One more—and this was a classic—at the NC State book store they have an annual big percentage off Christmas sale. I was, again, Bic in hand, seated at a table by a very nice guy who had written a children’s book about an NC State Christmas Wolf (or something) and this guy was just killing me. Huge line—lambs to the slaughter—at the Christmas Wolf, almost nobody interested in V&Me.

I had promised to sit and sign until 9 p.m. and as the clock slid into that third hour with my sales at about a book an hour, I, having a two-hour drive home on a Friday night, called my wife and said, “I’m out of here!” And then he showed up. Suddenly here at my table was a man in his early 60s, just the right age to have been there when Jim Valvano and the Cardiac Pack won the National Championship in ’83.“May I ask you a question,” said the fan. “Certainly,” said I, pushing a book forward preparing to tell him what Jim Valvano was really like. “Can you tell me where the john is,” the guy said, “I’ve gotta go like a racehorse!”

I think you’re getting the idea, so I’ll close by saying this: did I ever sell any books at book signings? Certainly, and again, it is something that every author must do. But for me—the no-name author—more often than not those Andy Warhol 15-minutes ended in flames rather than fame.
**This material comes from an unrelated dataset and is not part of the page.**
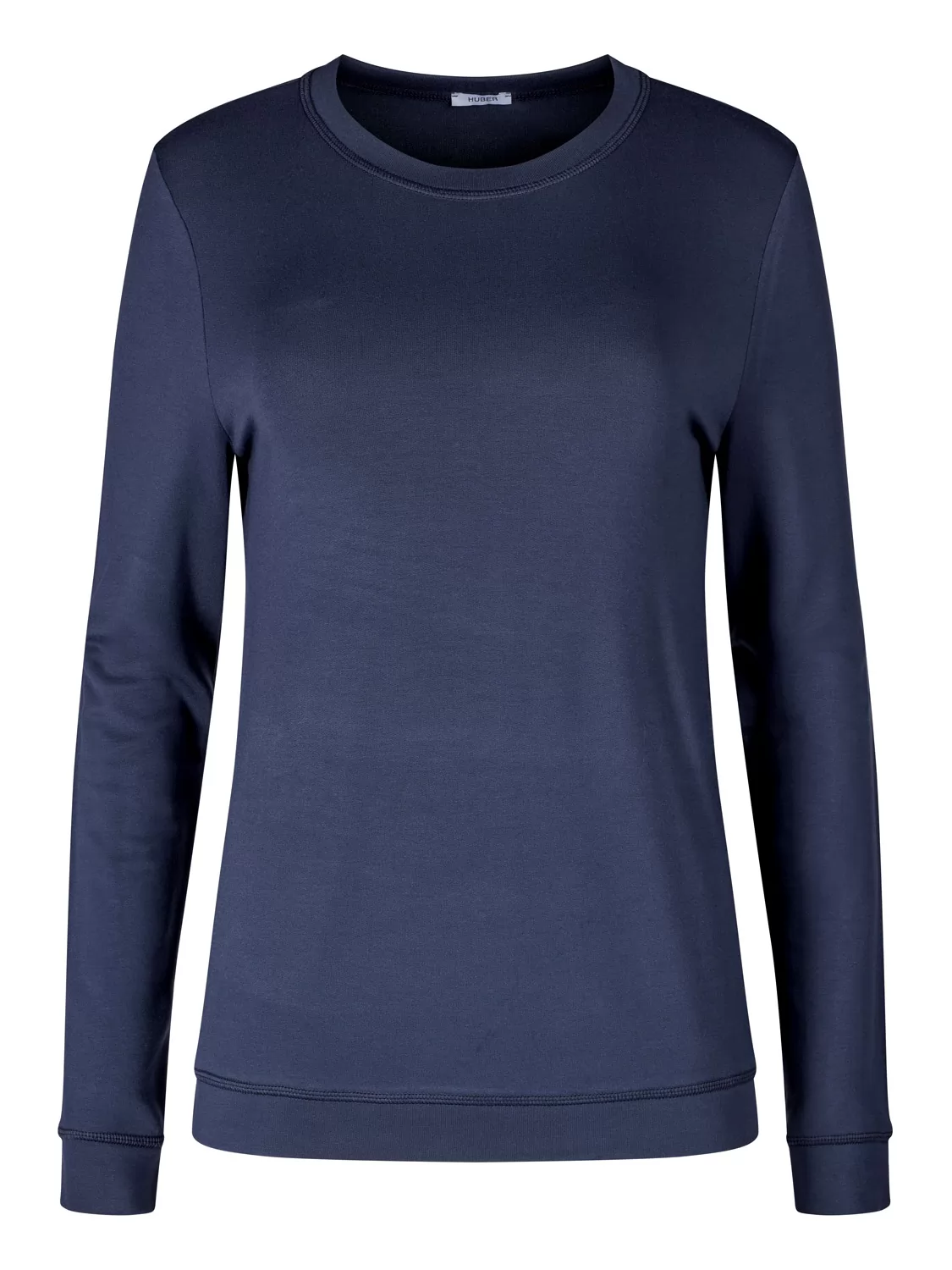 Granatowy Koszulka damska Huber 24 Hours Women Lounge 018854 - zdjęcie 3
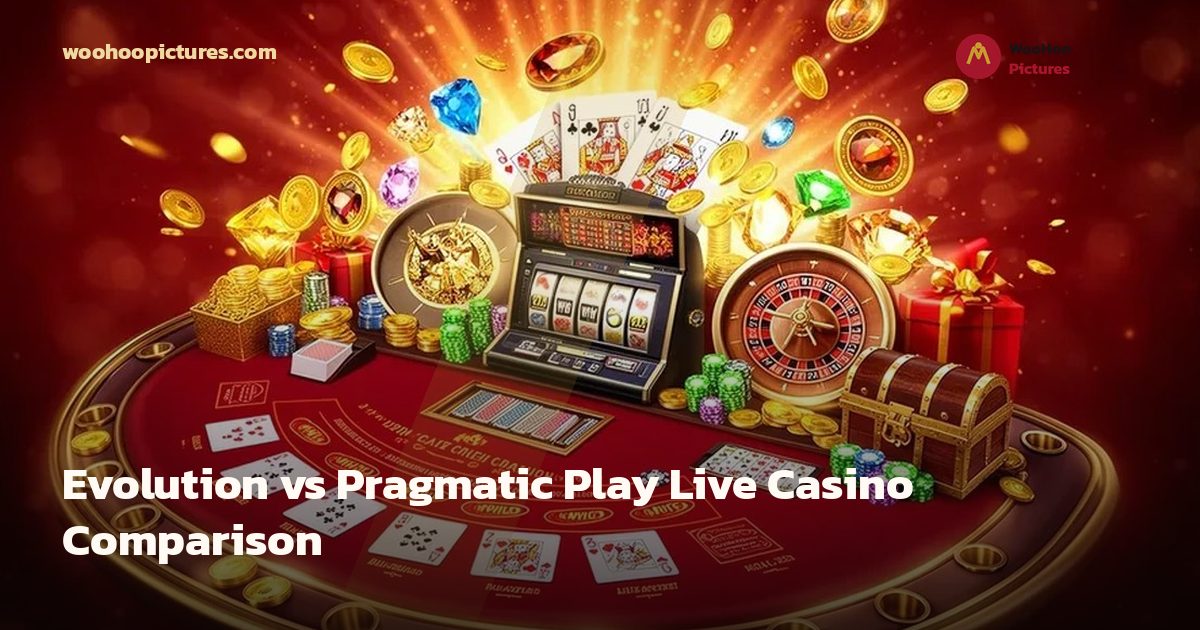 Evolution vs Pragmatic Play Live Casino Comparison cover image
So go in eyes wide open, aware that this signing deal is just that . . . a deal. And that there’s a bit of legalized prostitution at work here. You want attention for you and for your book. Booksellers, aware that traffic sells other books, aren’t just interested in selling your book.  They rely heavily on you, the author, to help bring out the troops and will ask for names and e-mail addresses of friends, relatives, and workmates, anyone who they might pepper with notices of your Big Moment.

Hey, come to think of it, maybe that was it. Start with a bookseller (emphasis on seller), then toss in my friends, relatives, and workmates, give me, the no-name author a stir, and, well, I don’t wish this for you, but perhaps that’s why more often than not I found myself in full blush afloat in the proverbial book signers punchbowl.